We've been having some renovations done to the house, more especially to the bathroom for the last week.

Now the bathroom didn't especially NEED to be completely redone but I knew a major face-lift was on the cards when my husband casually mentioned during an ad break in The Bill that he thought the bathroom could do with a bit of a "freshening".

Graham never does things by half, so I was in no way surprised to arrive home the following evening to be greeted by hubby carrying half a shower cubicle out of the front door towards the garage. What had been, a mere eight hours before, a clean and spacious drive had now been transformed into a porcelain rockery.

And so it began. The demolition work completed it was then the plumber's turn. Isn't it weird having a stranger in your home? You are desperate to make a good impression and it's probably one of only a few times I get to dust off the "good" cups.

On orders from hubby, teas were delivered every hour on the hour complete with a selection of chocolate biscuits.

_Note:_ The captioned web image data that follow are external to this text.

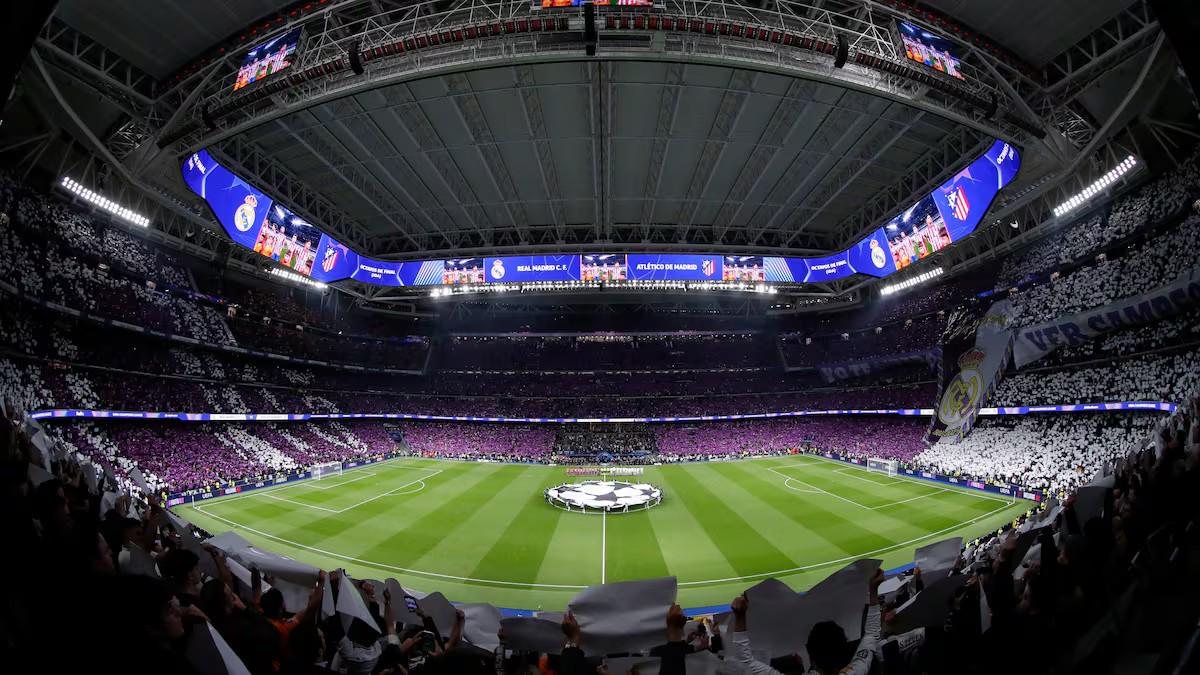 年夏天, 个小注解, 阵赫塔费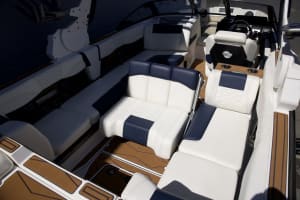 2025-malibu-wakesetter-24-mxz-98800-image17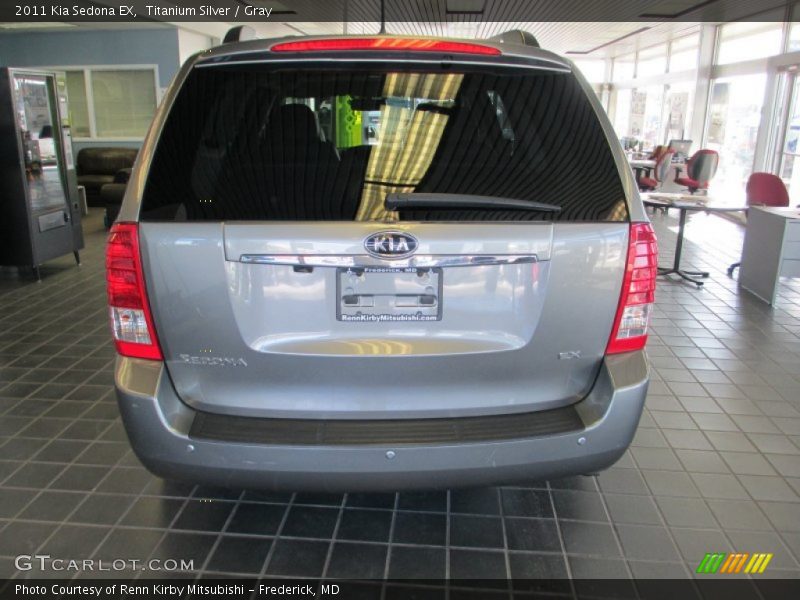 Titanium Silver / Gray 2011 Kia Sedona EX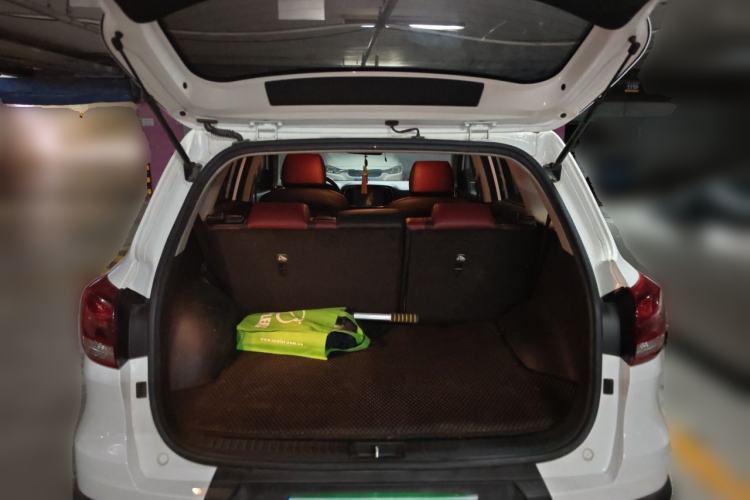 Used Kia KX3 2017 1.6L Manual Aofeng Edition Trunk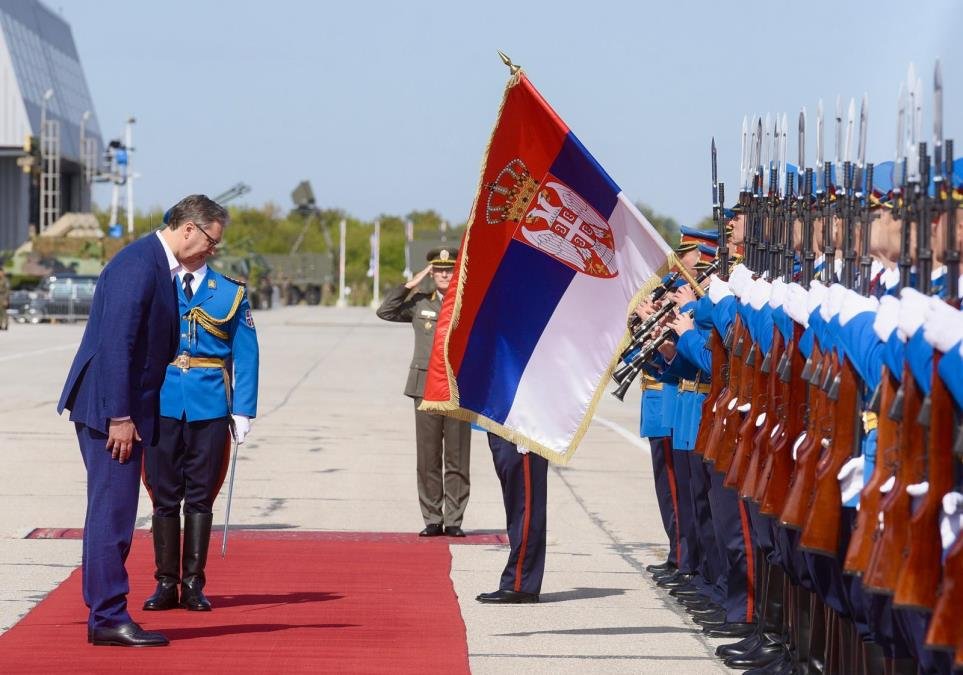 "SRBIJA JE SVETINJA" Vučić poručio da ljubav prema otadžbini uvek pobeđuje: Volim je najviše na svetu! (FOTO)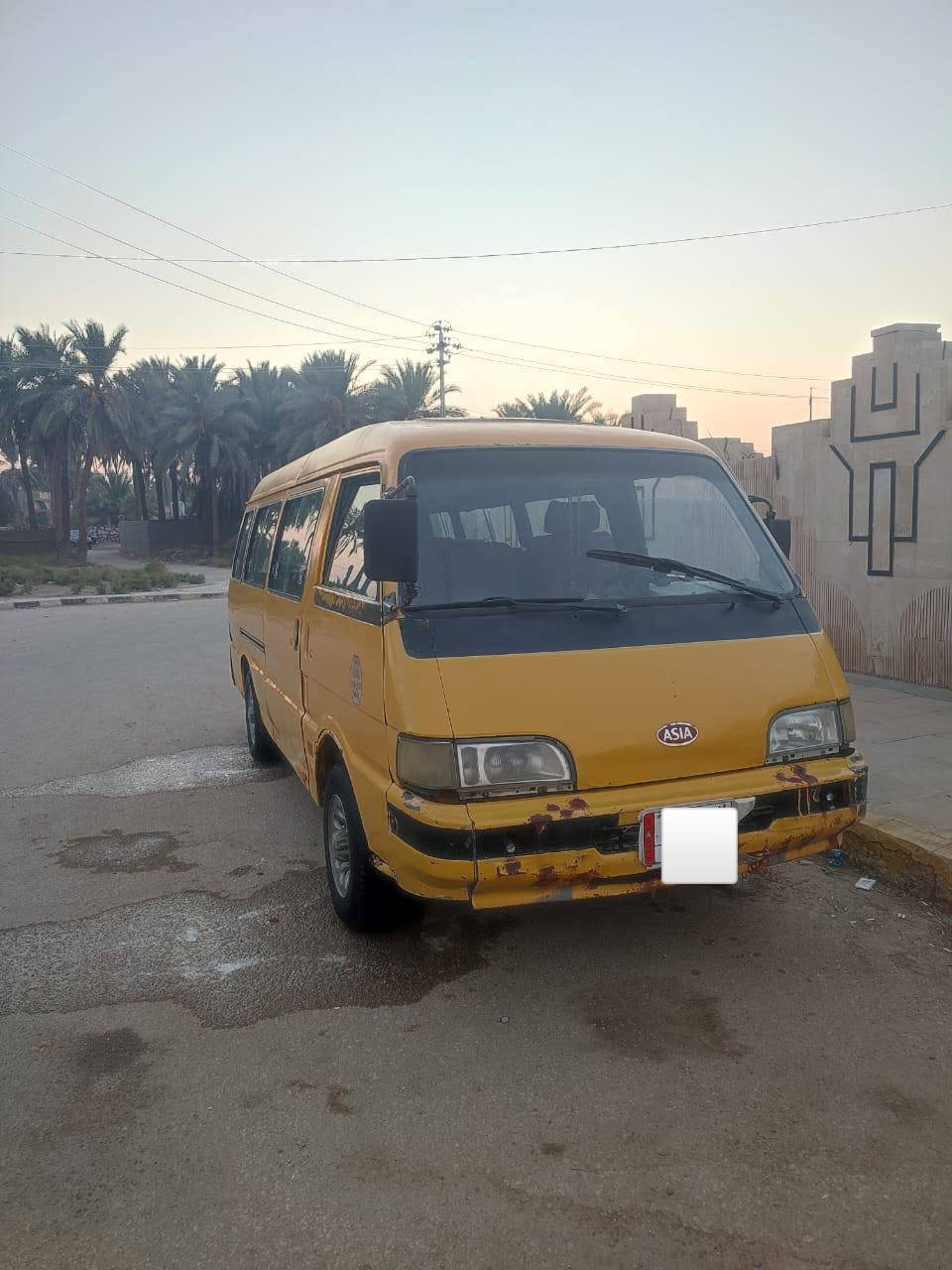 ((***********)) مكلف بل نشر تفاصيل أكثر اتصل عل صاحبه
سلام عليكم سيارة آسيا للبيع موديل 1996 سيارة نضيفة تخم تاير جديد دوشمة جديدة كاعية جديدة محرك بي تبخير كهربايات شغالة كشرهة نضيف رقم بغداد الماني 
سعر /45
مكان / بابل قرب صيطرة الثار
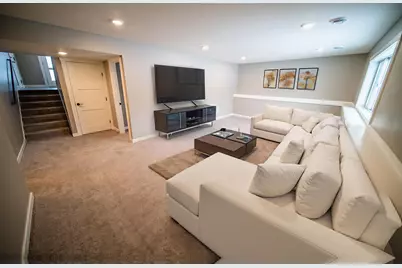 809 5th Avenue NW, Dodge Center, MN 55927 - Photo 32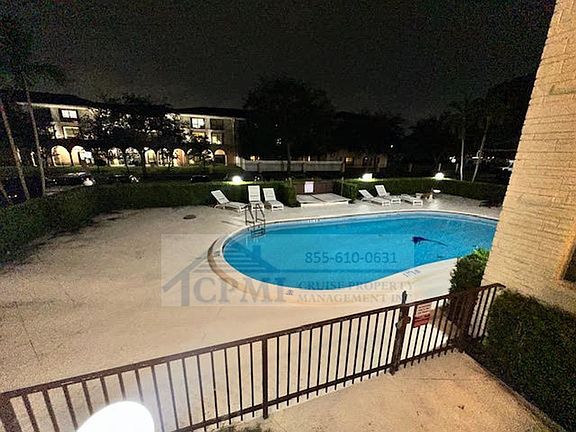 4th image of 315 S Crescent Dr APT 202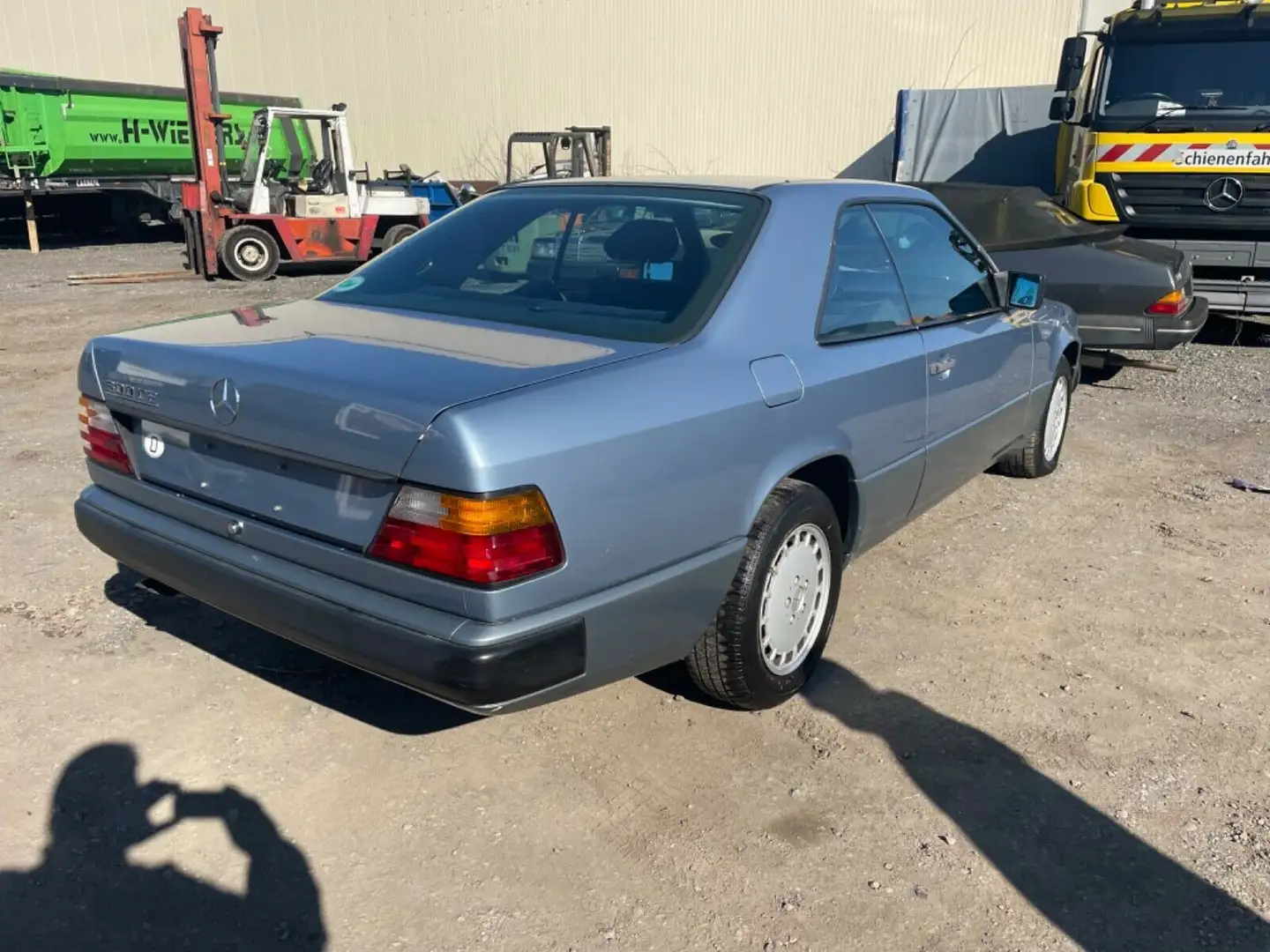 Mercedes-Benz 300 CE  Coupe aus 1. Hand / Scheck Gümüş rengi - 2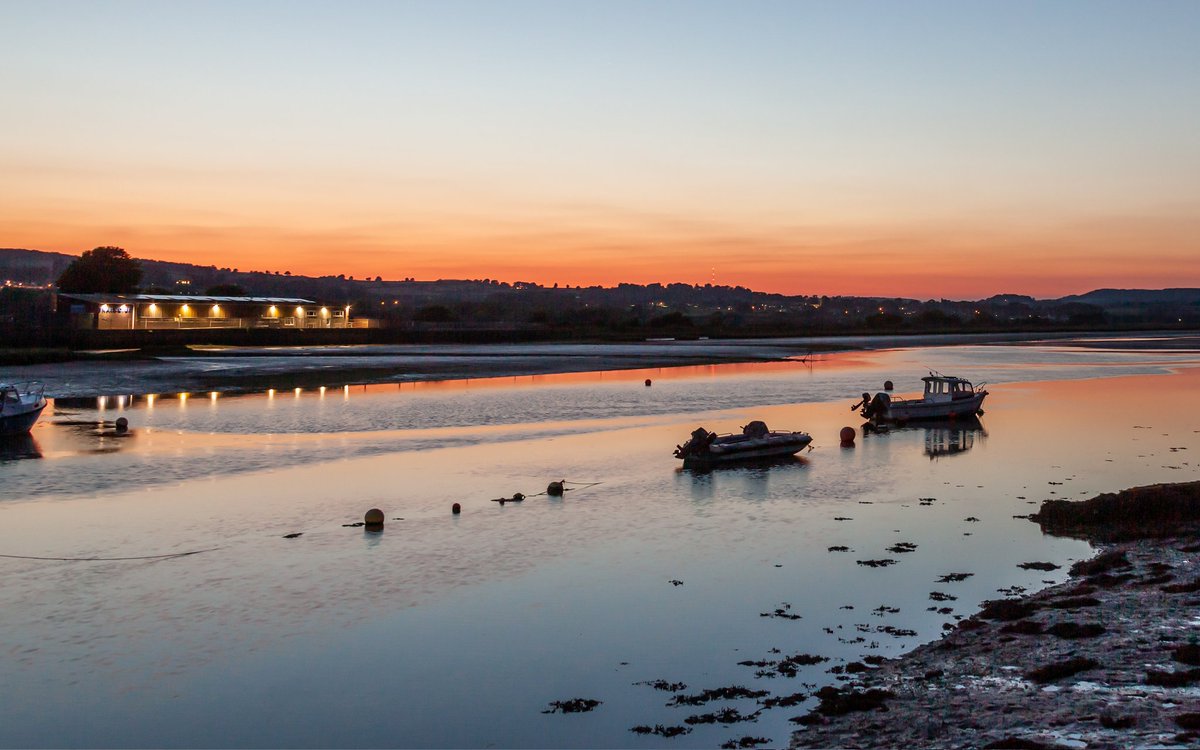 michaelje49's tweet photo. River axe estuary at dusk,
#sharemondays2022 
#rivers
#estuary 
#dusk https://t.co/ikniFPpnvw
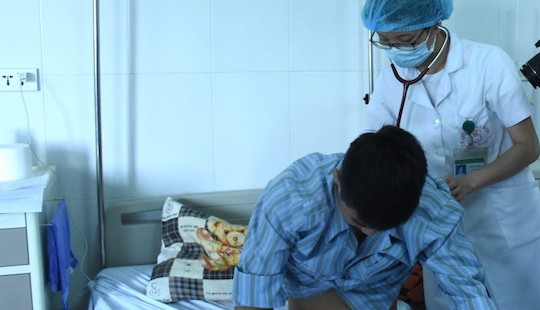 Sán làm tổ trong phổi, nam thanh niên nguy kịch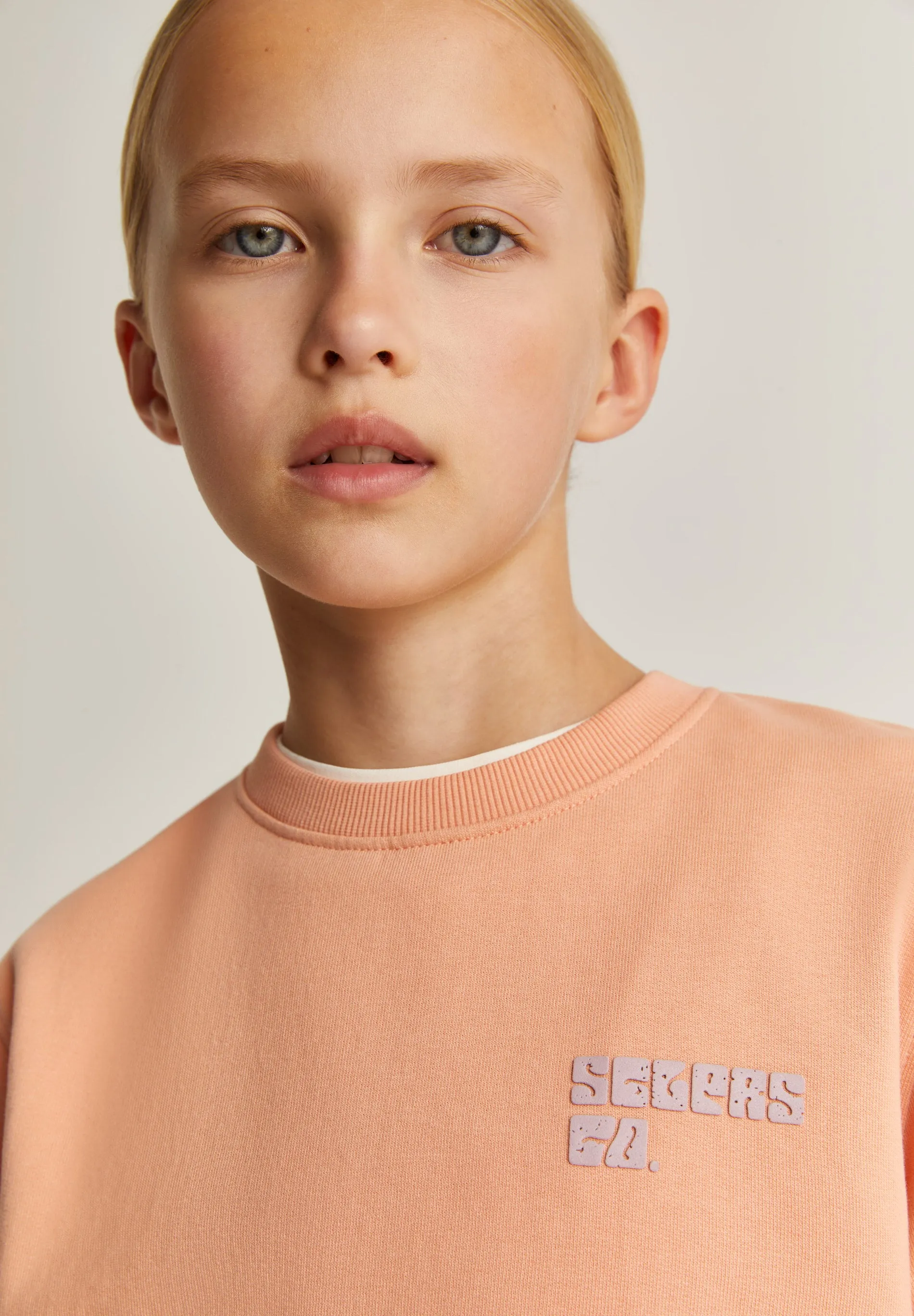 SUDADERA PRINT DETALLES HIGH DENSITY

Graham says it's the most important thing you can do when having someone in to do work and I suppose he should know since he spends most of his working life doing exactly the same.

It was at this point I remembered that the water was off and had been all day, so not to put too fine a point on it, where was it going! What was he using? Through careful planning of my daily routine I coped quite well - the supermarket and the gym both being used with much more frequently than I had done in the past.

Staff at the gym were delighted and amazed to see me once sometimes twice a day, one receptionist quipped "Ooh there's no stopping you is there? You'll be busting out of your top with all the work you're doing!"

I was sorely tempted to tell her that the "busting" I had in mind was different to hers, but at least on my trips there I had the chance to read the papers and work my way through their muffin selection.

Back home, and if you didn't know the plumber was there you would never have guessed. He was quiet as a mouse and probably for good reason. When he asked how water came into the house and I replied "taps?", I think he had a pretty good idea that I knew nothing about plumbing, so in the way that he would no sooner tell me how to present the weather than I would tell him how to fit a stop-cock, I left him to get on with it.

The work's nearly done now, the bathroom looks amazing and the plumber has done an incredible job. The weird thing is his brilliance seems to have rubbed off on other areas of the house, especially the plants which look better than they have done for ages.

When my mother-in-law remarked on their condition and asked if I was using anything different to water them with I'm sure I heard the plumber chuckling upstairs, what does he know that I don't I wonder?